Most researchers posit that knowledge of scene context arises from extensive experience with scenes and objects (see Henderson, 2003, for a review). In fact, many studies and computational models have shown that when a scene is viewed multiple times, one begins to learn object placement. For example, Brockmole and Henderson (2006a, 2006b) showed that arbitrary targets were associated with specific scene locations over multiple scene exposures. Additionally, Bayesian computational models (Eckstein, Drescher, & Shimozaki, 2006; Ehinger, Hidalgo-Sotelo, Torralba, & Oliva, 2009; Najemnik & Geisler, 2005; Torralba, Oliva, Castelhano, & Henderson, 2006) have demonstrated through machine learning that associations between scene context and target placement can accurately predict human eye movements. However, objects are acted on, not just viewed within contexts. In the present study, we investigated whether an object’s function is related to its placement in a scene and whether knowledge of the object’s function can guide search.

Gibson’s (1979) seminal work demonstrated that perception is not an end in itself, but rather occurs in the service of a larger task goal, usually in the performance of an action. Many studies have demonstrated an intimate link between actions and perception. Recent studies have shown that actions are directly tied to object representations, even when unrelated to the task at hand (Beilock & Holt, 2007; Grezes, Tucker, Armony, Ellis, & Passingham, 2003; Helbig, Steinwender, Graf, & Kiefer, 2010). Additionally, studies have shown that actions performed with objects have certain spatial associations (Downing-Doucet & Guérard, 2014; Tucker & Ellis, 2004). These results suggest that actions performed with objects not only may have an effect on object recognition and memory, but also may influence how they fit within a larger context. For instance, actions are associated with specific spatial constraints (e.g., reaching up, pressing a button), which could impose limitations on where objects are placed within a scene. Here, we investigated the connection between object function and scene context and its impact on subsequent behavior.

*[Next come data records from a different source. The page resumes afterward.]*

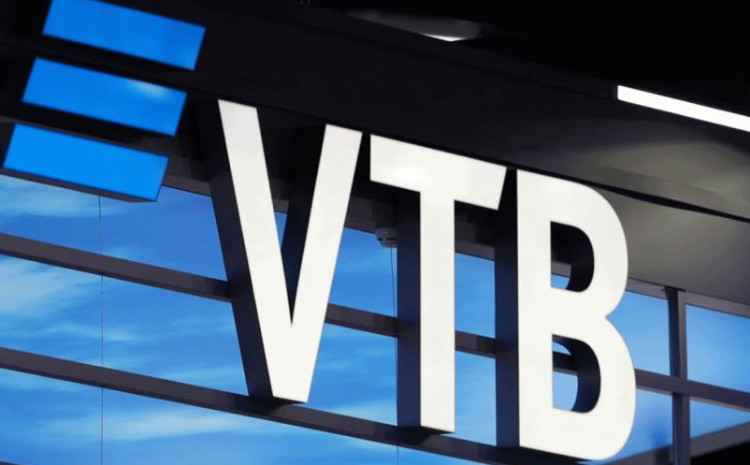 VTB (Azərbaycan) videoyazıların saxlanması və ehtiyat nüsxələmə sistemi üçün TENDER ELAN EDİR 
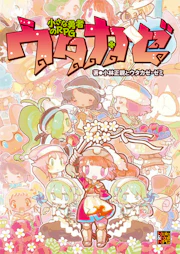 小さな勇者のRPG ウタカゼ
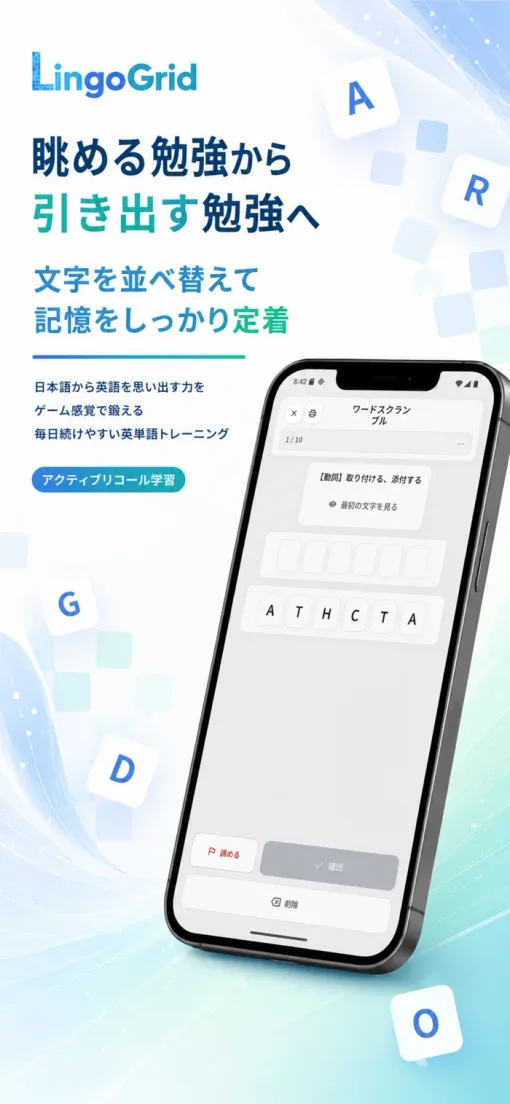ワードスクランブルゲームの画面：文字を並べ替えて単語を作る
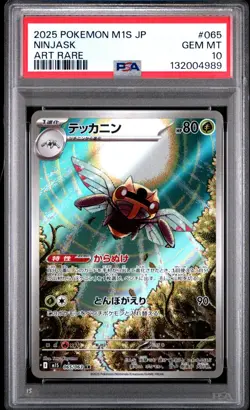 PSA 10 - Ninjask ART RARE - 065/063 POKEMON JAPANESE M1S-MEGA SYMPHONIA 2025 - Image 1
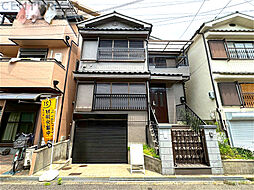 尼崎市東難波町4丁目中古戸建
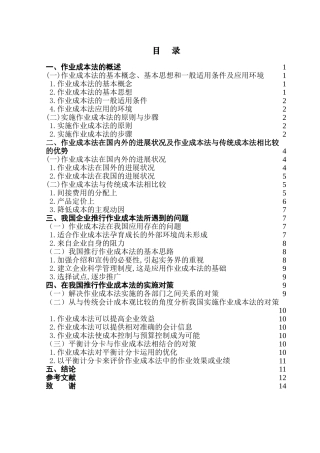 本科毕业设计-浅议我国推行作业成本法面临的问题与对d策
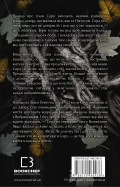 Плоть і вогонь. Книга 2: Світло у пломені - зображення 3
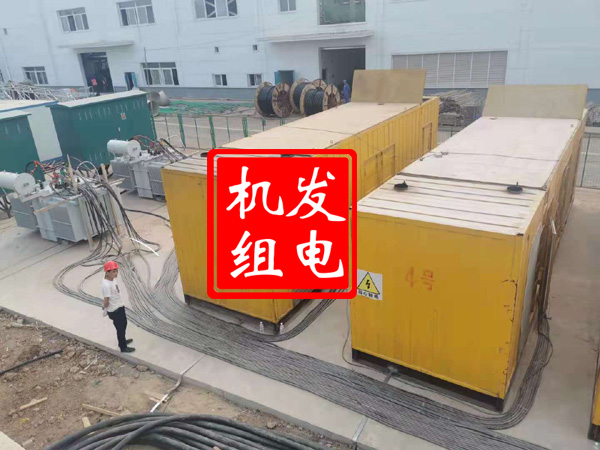 钟楼发电机租赁必备常识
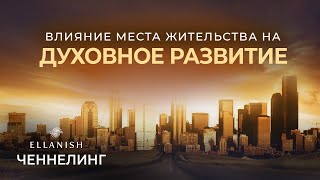 Влияет ли место жительства человека на его вибрации и духовное развитие?!
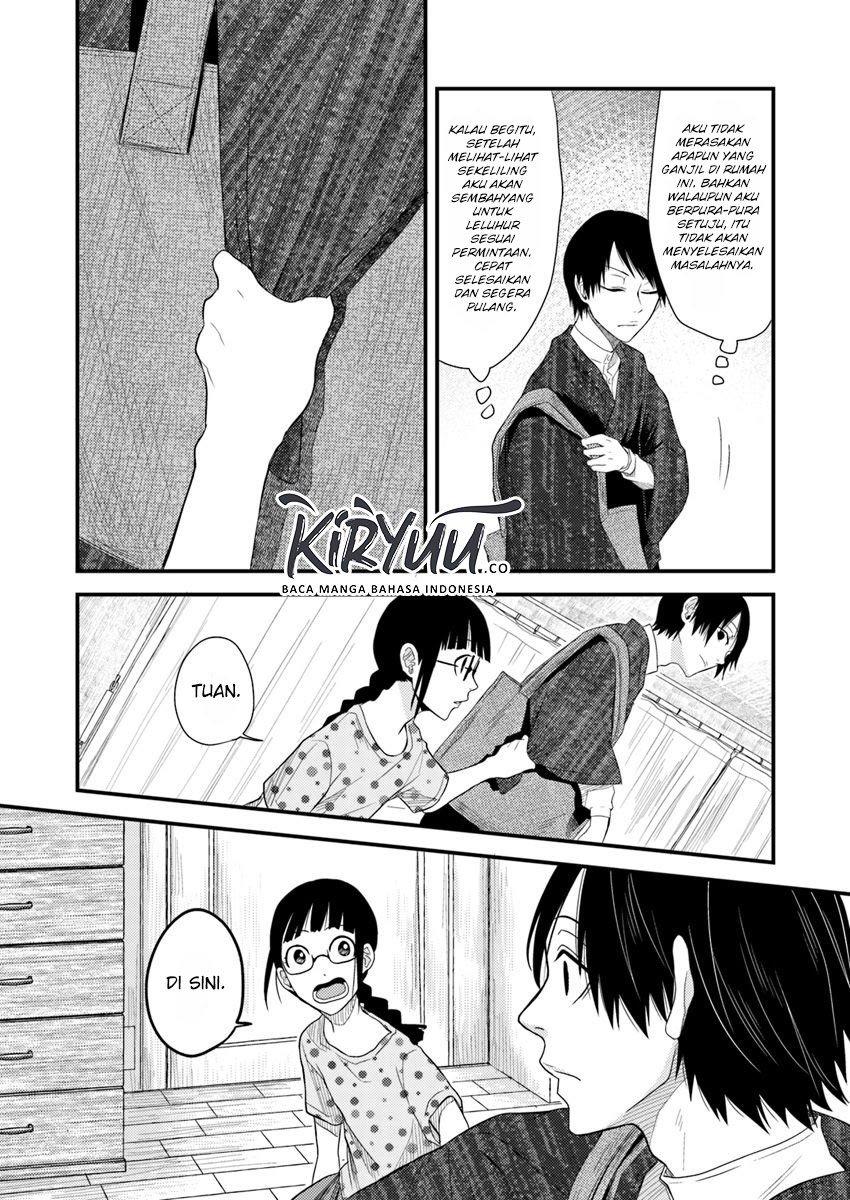Hahasama no Ie – Ogamiya Gounai Kokoro Hitomi no Kaiitan Chapter 02.2 Gambar 4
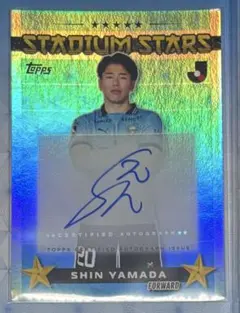 木村太哉【25枚限定インサート直筆サイン】2025 topps J ファジアーノ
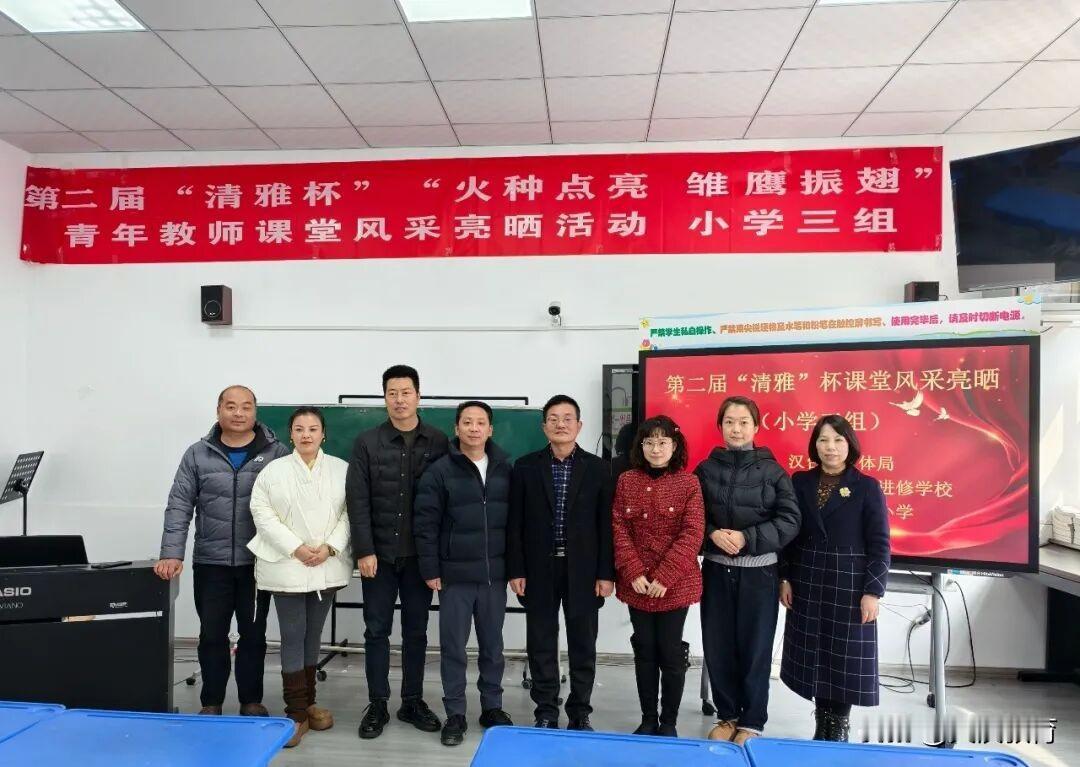 12月10日至11日，由汉台区教体局主办，汉台区教师进修学校、汉台区西关小学承办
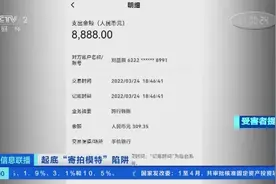 当心！“兼职刷单”骗局升级！女子兼职寄拍模特被骗近4万元图片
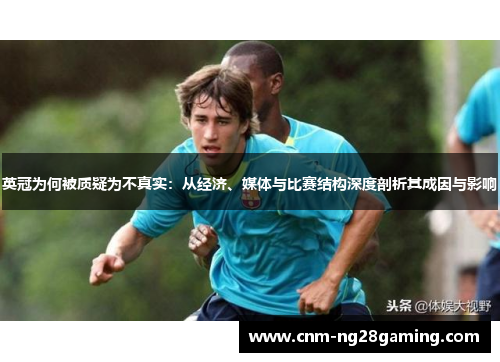 英冠为何被质疑为不真实：从经济、媒体与比赛结构深度剖析其成因与影响
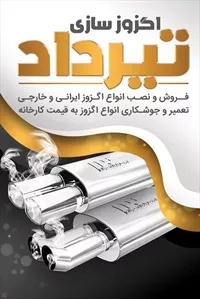 تصویر 3
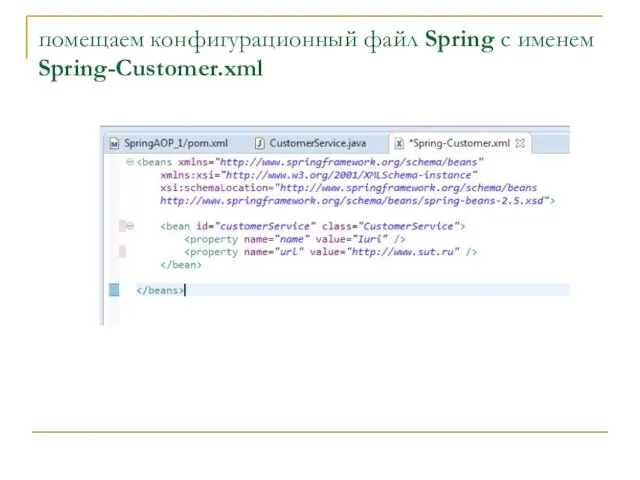 помещаем конфигурационный файл Spring с именем Spring-Customer.xml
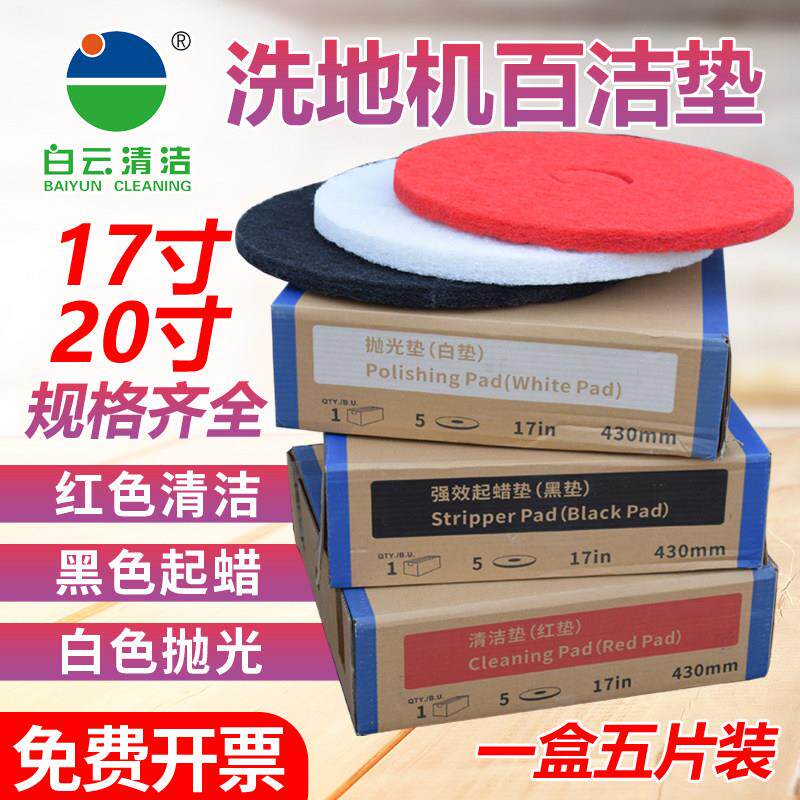 白云超宝17寸百洁垫洗地机抛光垫20寸地面清洁片刷片大理石起蜡片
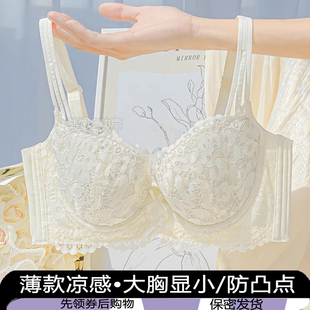 显瘦蕾丝内衣女大胸显小胸防下垂带钢圈收副乳大码性感聚拢超薄款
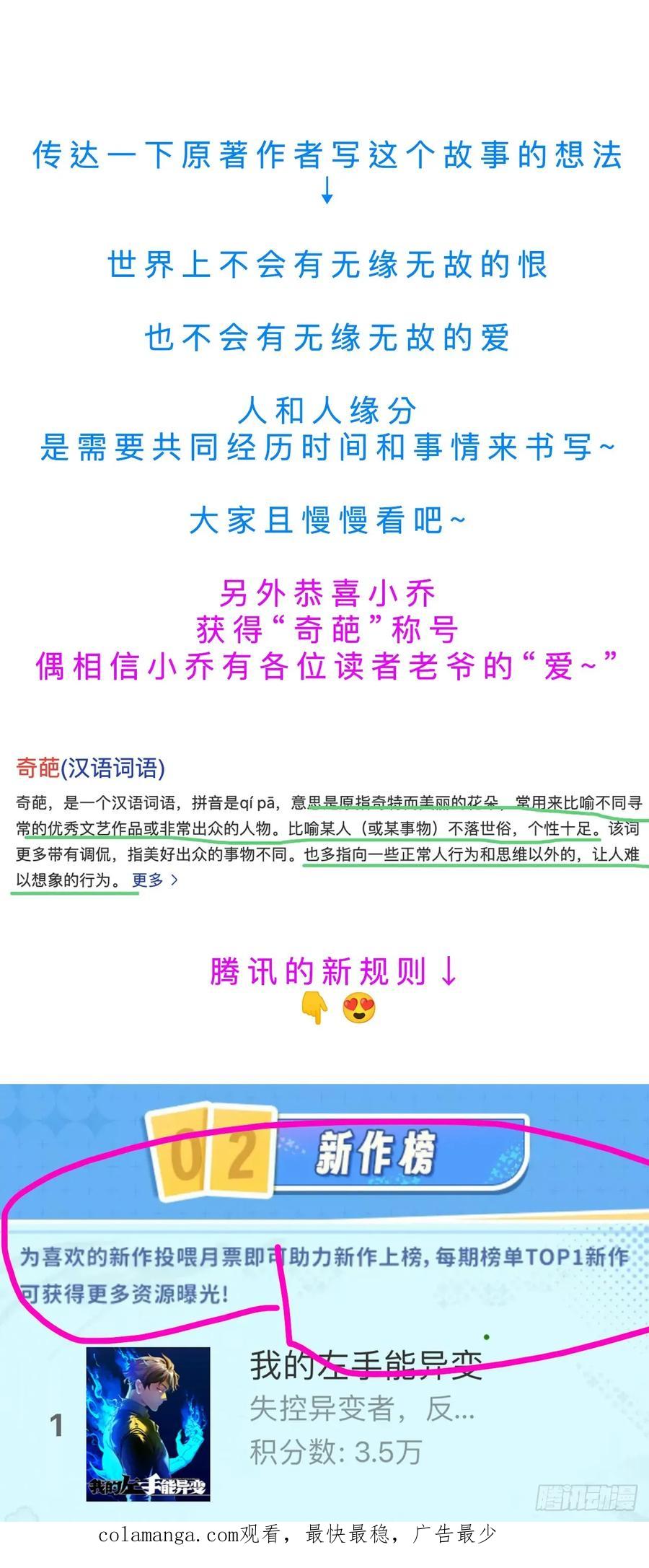 《顾清乔反穿越记事：拒绝恋爱脑》014 世界上不会有无缘无故的爱 第51页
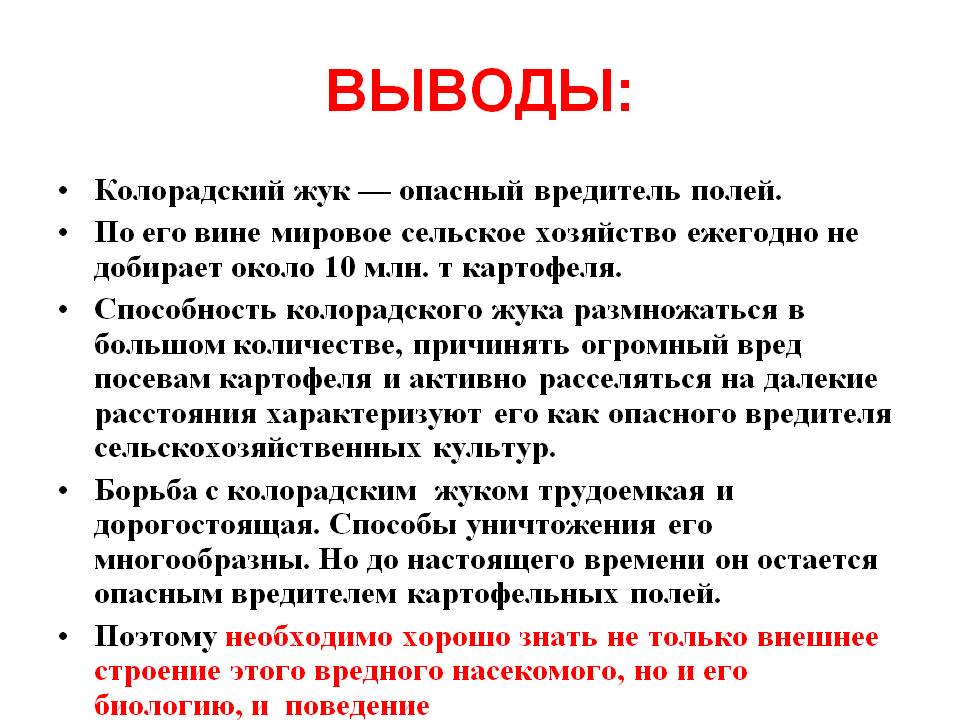 Опасный вредитель полей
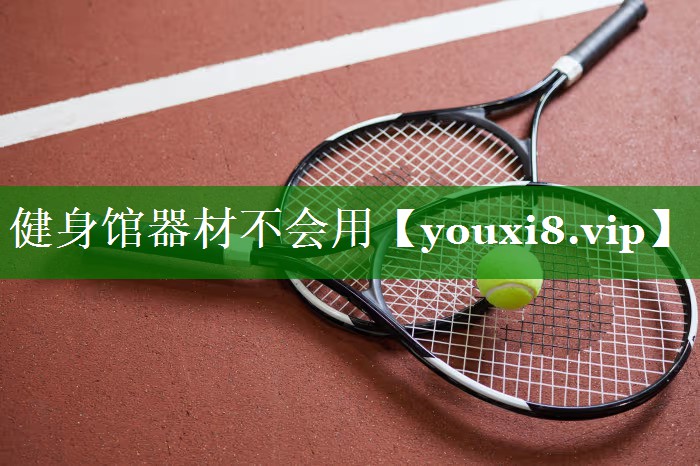 健身馆器材不会用 健身馆器材不会用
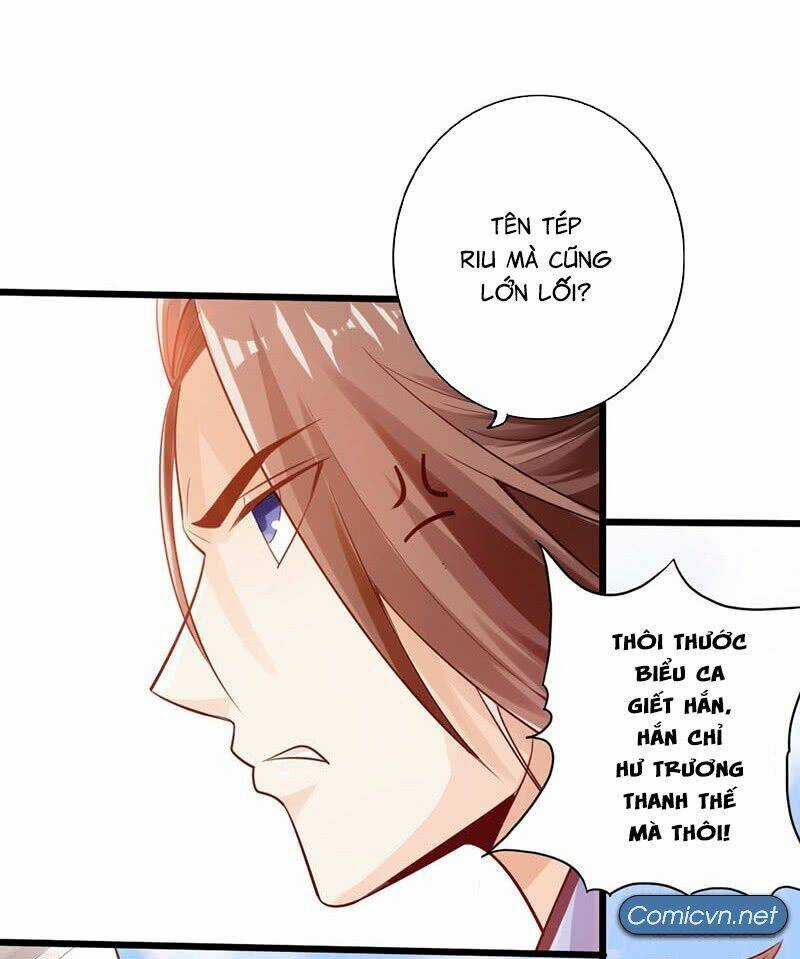 Thái Cổ Cuồng Ma - Chapter 18 - Trang 19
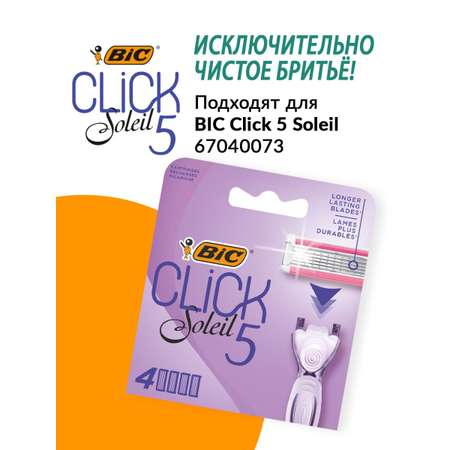 Сменные кассеты для бритвы BIC Click 5 Soleil 4 шт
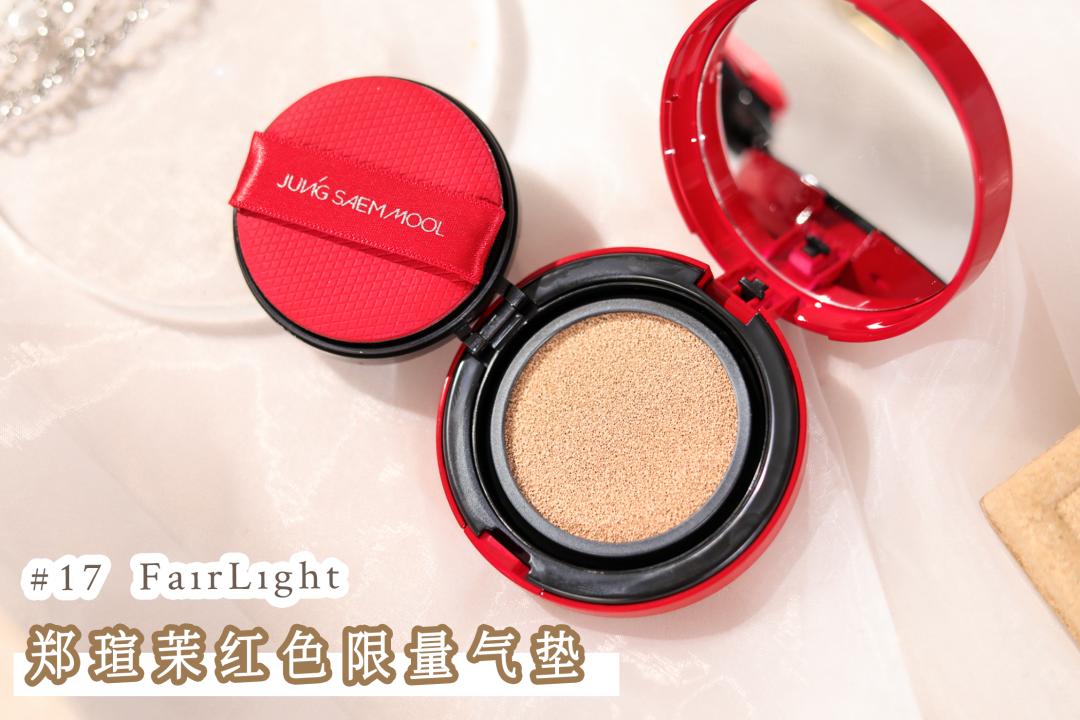 天选伪素颜气垫,天选伪素颜气垫测评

We investigated the connection between object function and scene context in multiple ways. First, we conducted a pilot study to directly test whether an object’s placement and its function were related. This was done for invented objects that were nonexistent but plausible. We found that knowledge of an object’s function did affect its placement in a scene. Second, we examined whether knowledge of object function and scene context can guide search in scenes.

Guidance in scenes has been shown to arise from a number of factors, including scene gist, spatial layout, and target features (Becker & Rasmussen, 2008; Castelhano & Heaven, 2010, 2011; Castelhano & Henderson, 2007; Eckstein et al., 2006; Ehinger et al., 2009; Hillstrom, Scholey, Liversedge, & Benson, 2012; Hollingworth, 2009; Hwang, Wang, & Pomplun, 2011; Neider & Zelinsky, 2006; Torralba et al., 2006; Zelinsky, 2008). To examine the effect of the combined knowledge of object function and scene context, we used the flash-preview moving-window paradigm. In this paradigm, participants are shown a brief preview of the entire search scene, after which they search through a gaze-contingent moving window that occludes visual information in all but the small area of the window itself. The paradigm forces participants to rely on the scene representation acquired during the initial preview, in addition to knowledge about the target and the visual features within the window. Within these limitations, this paradigm allowed us to examine whether an object’s function in combination with knowledge of scene context could benefit search above and beyond the benefits provided by peripheral visual features.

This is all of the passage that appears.